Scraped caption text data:
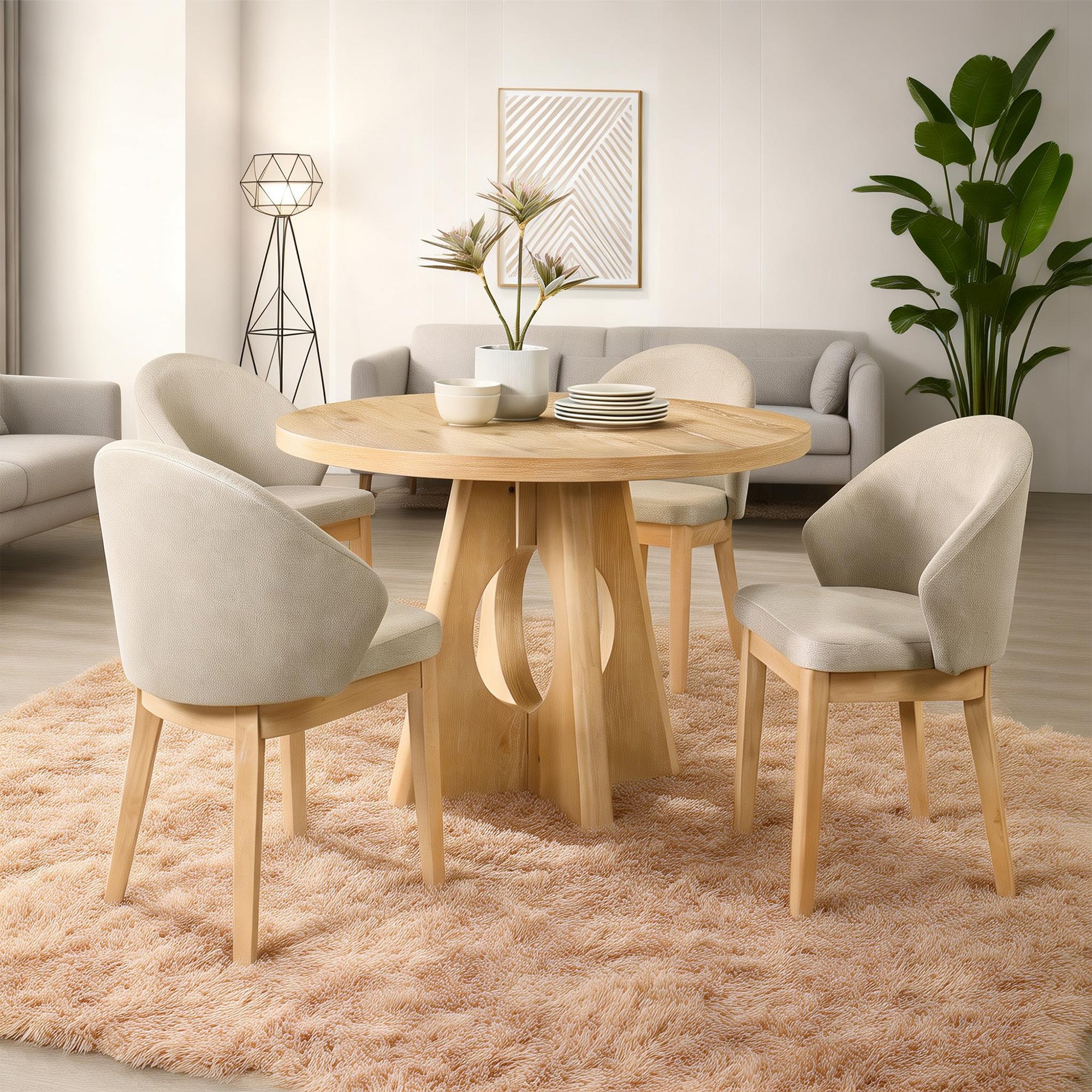 Ozark 5-Piece Oak Round Dining Table Set with 4 Side Chairs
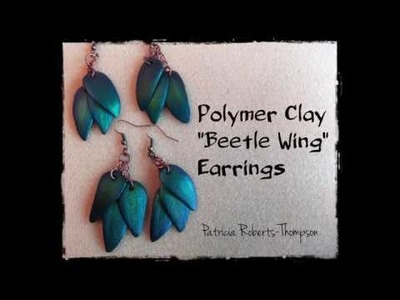 Polymer Clay "Beetle Wing" Earrings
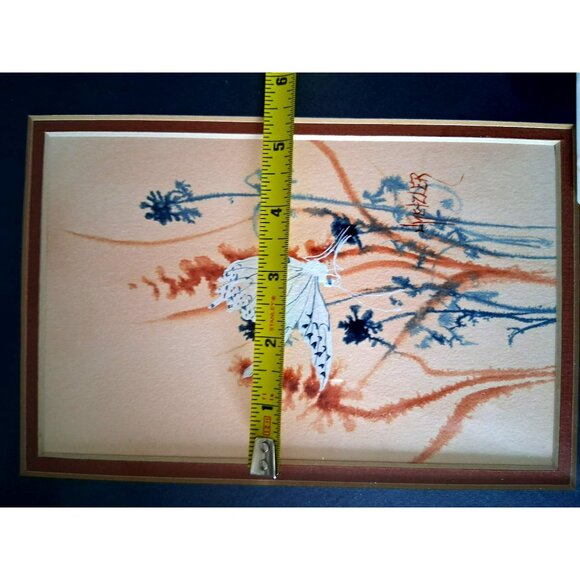 Vintage White Moth Acrylic & Ink Painting Artwork By Jan Metzler In Gold Frame - Picture 9 of 10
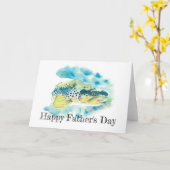 Waterverf Rainbow Trout Vaderdag Kaart (Gele Bloem)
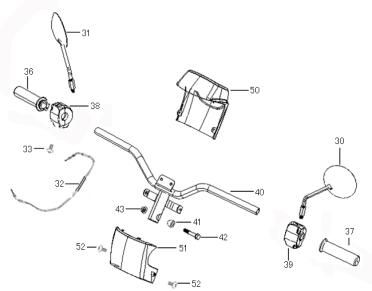 Pièces de direction Benzhou ZN50QT-36 champagne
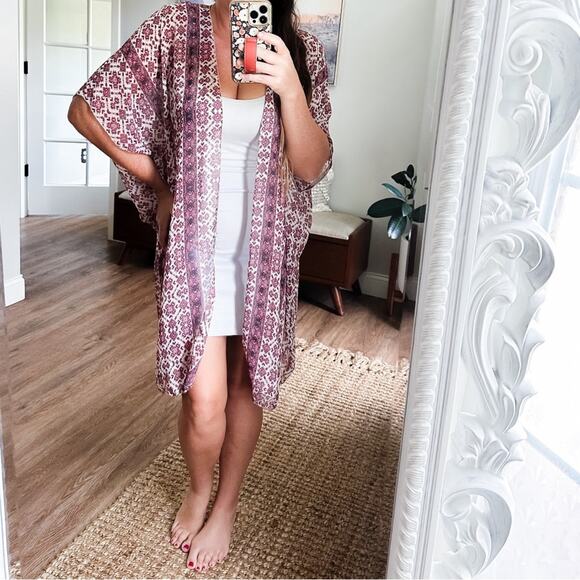 Brandy Melville Sunlight Filtering Through Trees boho flowy kimono coverup - Picture 1 of 7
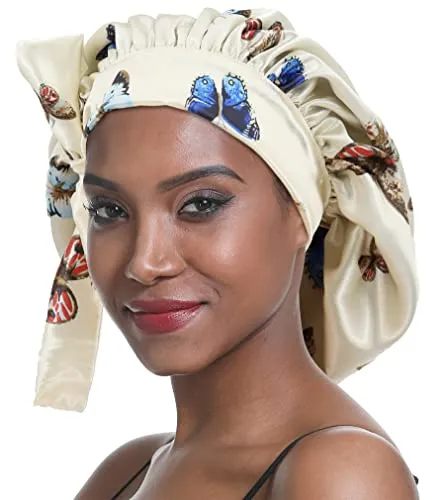 SENGTERM Satin Schlafmütze Doppelschicht Elastisch Satin Bonnet Schluchtrmütze Breites seidiges Band für Schwarze Frauen mit langem und lockigem Haar (Butterfly)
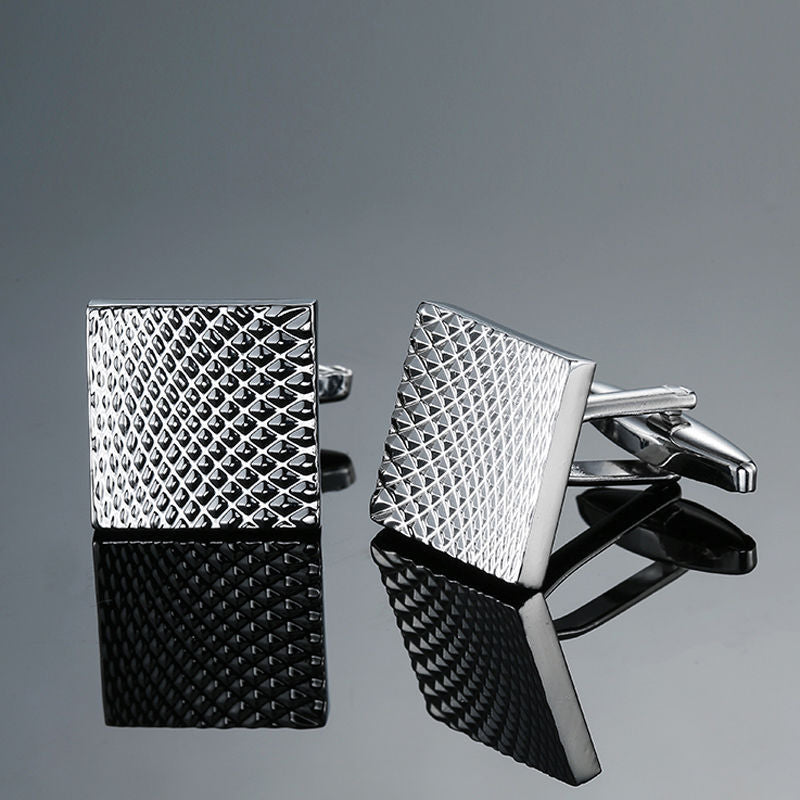 Black Gold Silver Laser Cufflinks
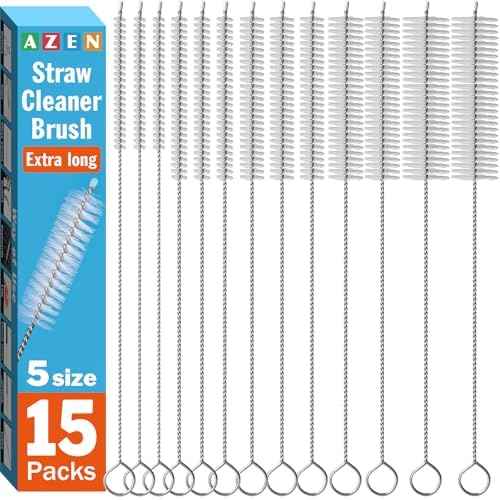 AZEN 15 Pack Straw Cleaner Brush Set, 12 Inch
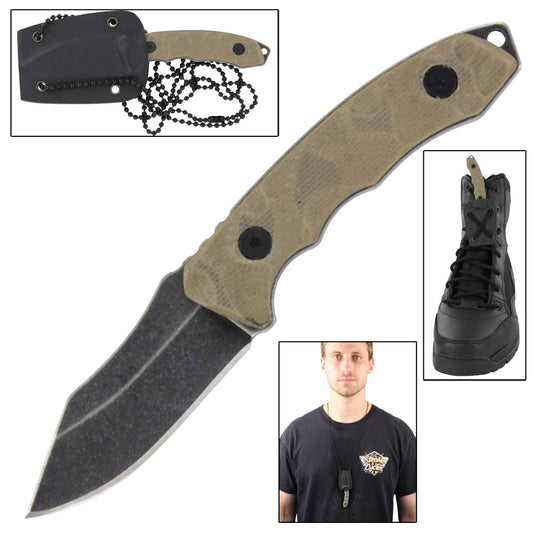 Glacier Park Tactical Boot Knife with FREE Sharpening Stone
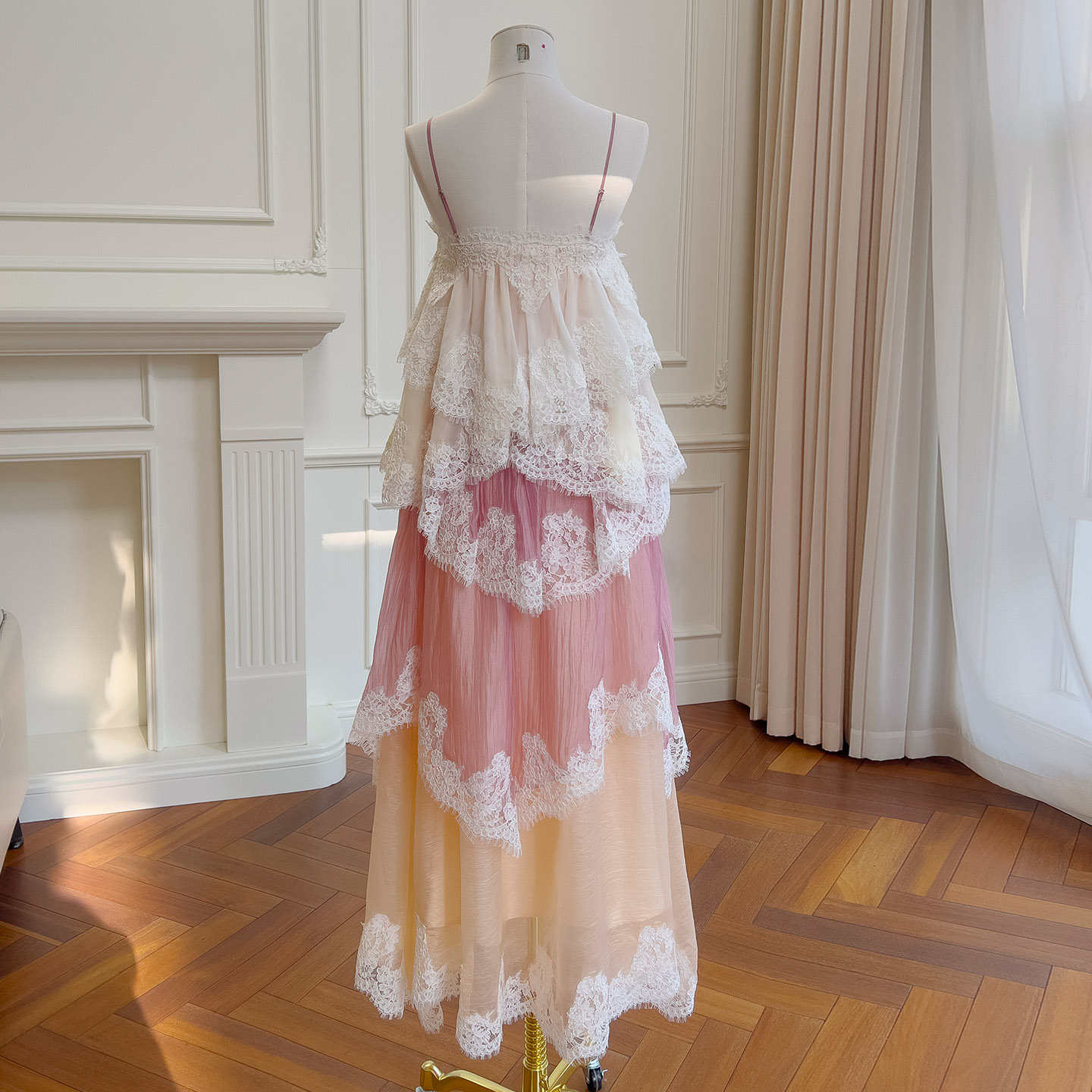 Romantic Tiered Lace Spaghetti Strap Dress 69535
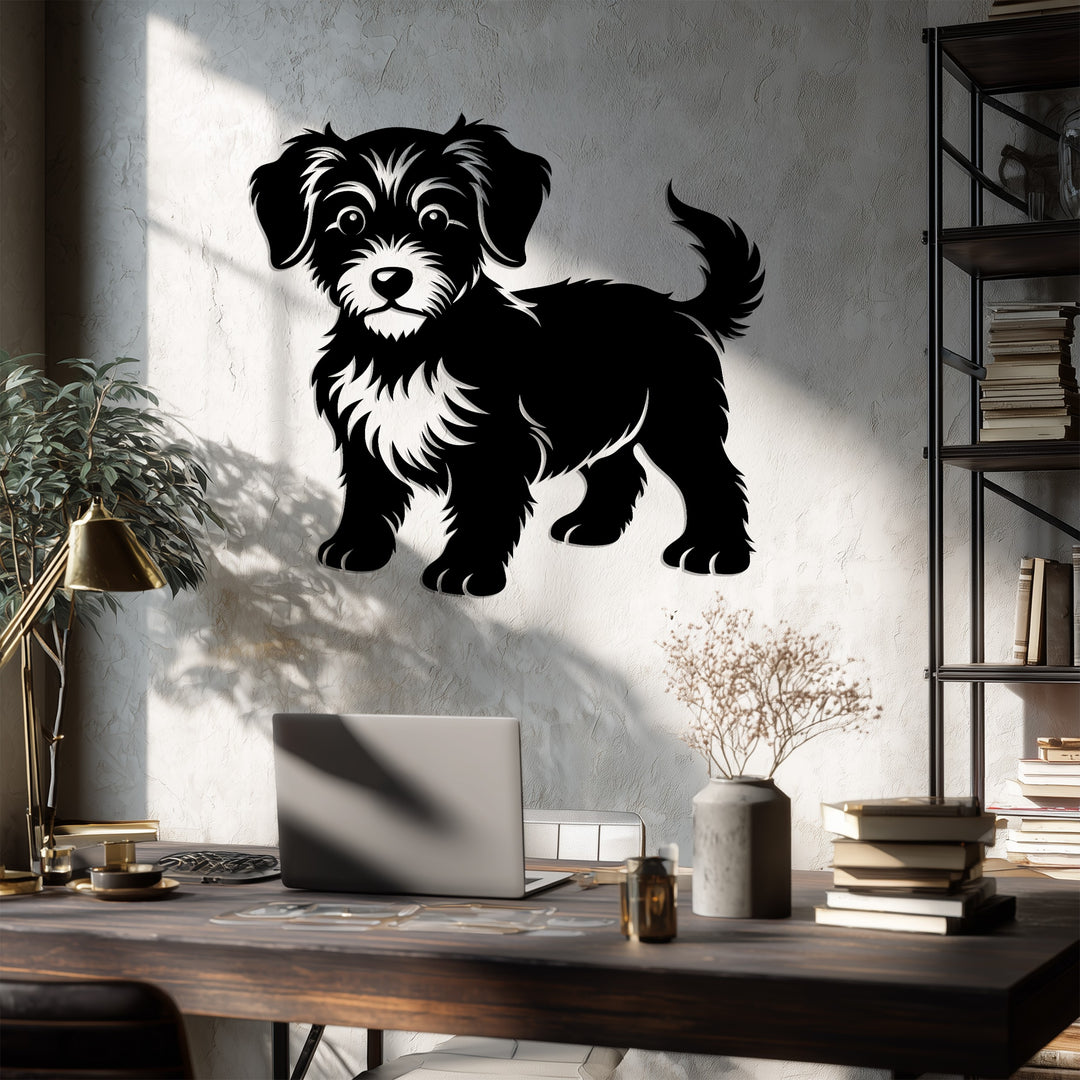 Playful Puppy Silhouette – Dog Metal Wall Art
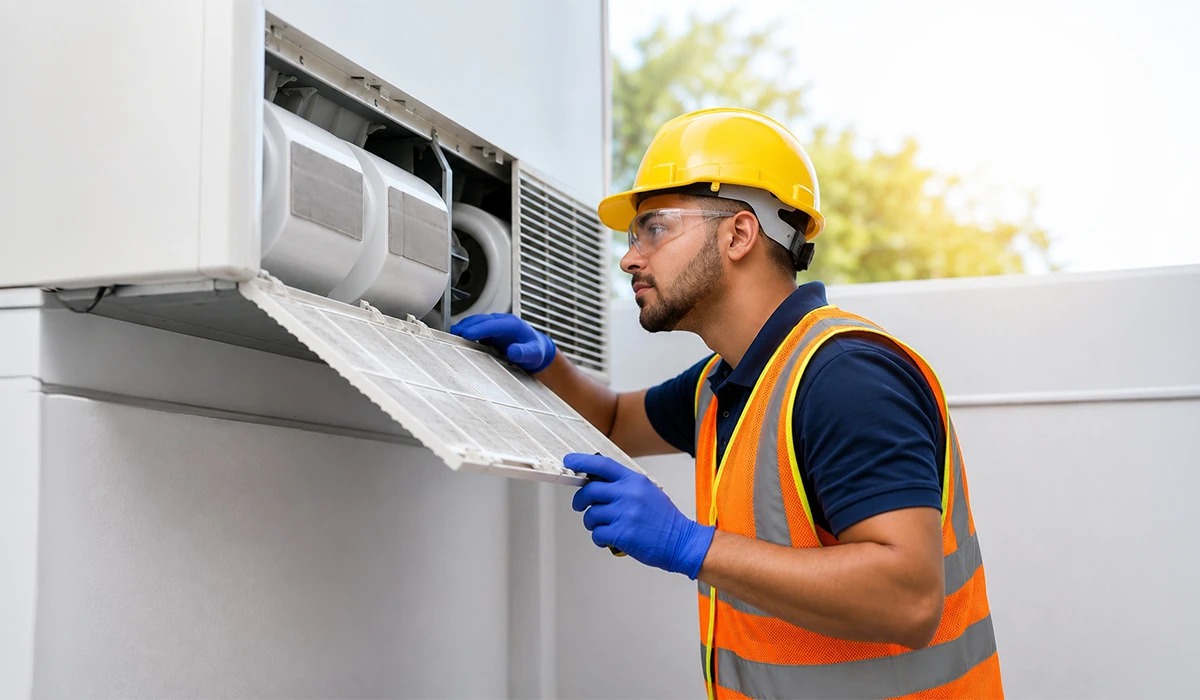 Lumens MEP Professional technician performing AC installation and maintenance on an air conditioning unit while wearing safety gear and inspecting the system for efficient cooling performance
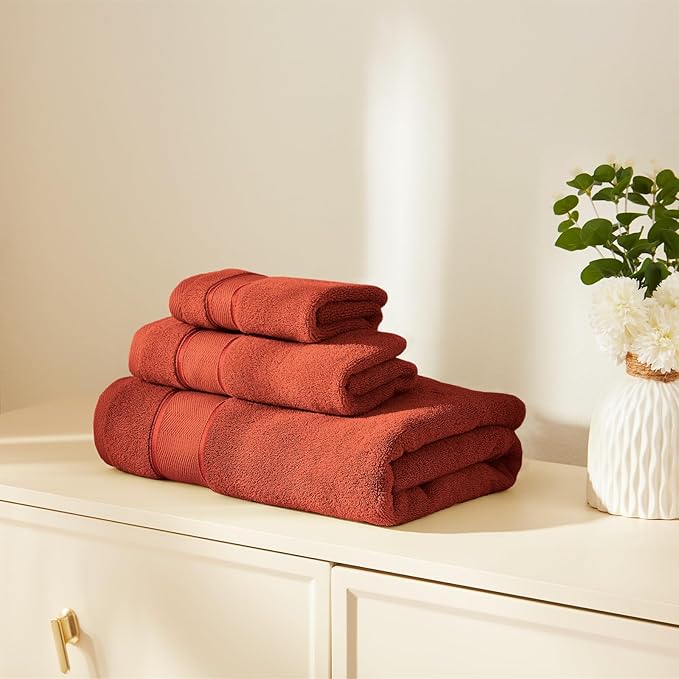 Marvione Bath Towels Set 6 Piece, 100% Turkish Cotton Highly Absorbent and Soft Towels for Bathroom 2 Bath Towels 2 Hand Towels 2 Washcloths, Burnt Orange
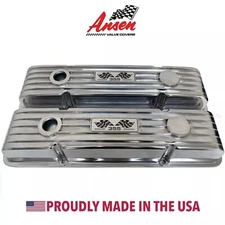 Small Block Chevy 355 Flag Logo Polished Valve Covers, Finned - Ansen USA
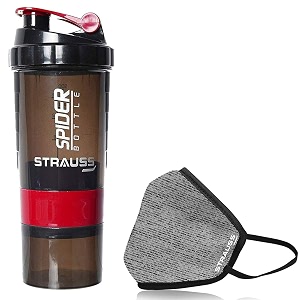 strauss spider shaker bottle 500ml with face protection mask non vent medium grey
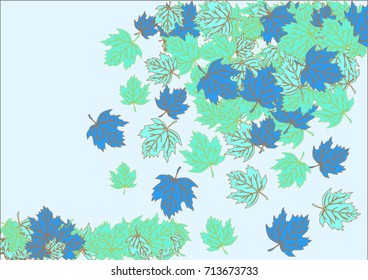 Colored leaves on a blue background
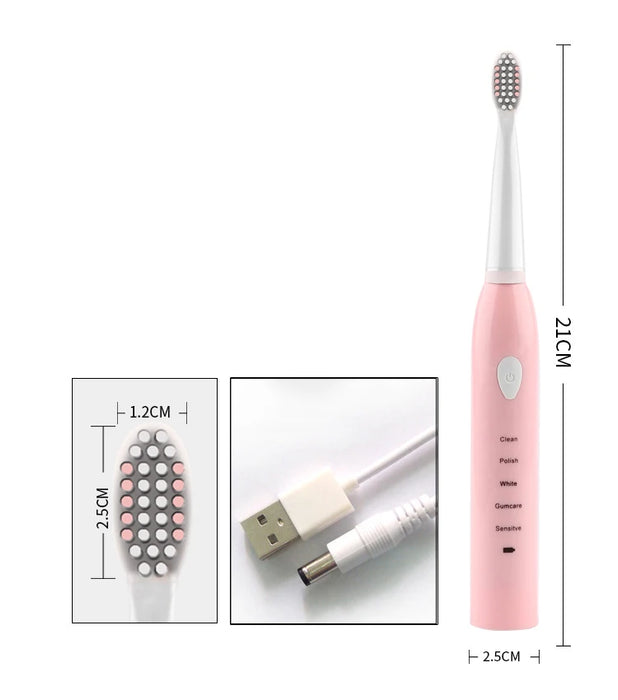 Electric Toothbrush Powerful Ultrasonic Sonic USB Charge Rechargeable Tooth Washable Electronic Whitening Timer Teeth Brush J110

Exercise objective: In the records above, find the line with "Playful Puppy Silhouette" and the line with "Lumens MEP Professional", then restate word for word only those two lines and all lines between, omitting pictures.

Solution:
 Playful Puppy Silhouette – Dog Metal Wall Art
 Lumens MEP Professional technician performing AC installation and maintenance on an air conditioning unit while wearing safety gear and inspecting the system for efficient cooling performance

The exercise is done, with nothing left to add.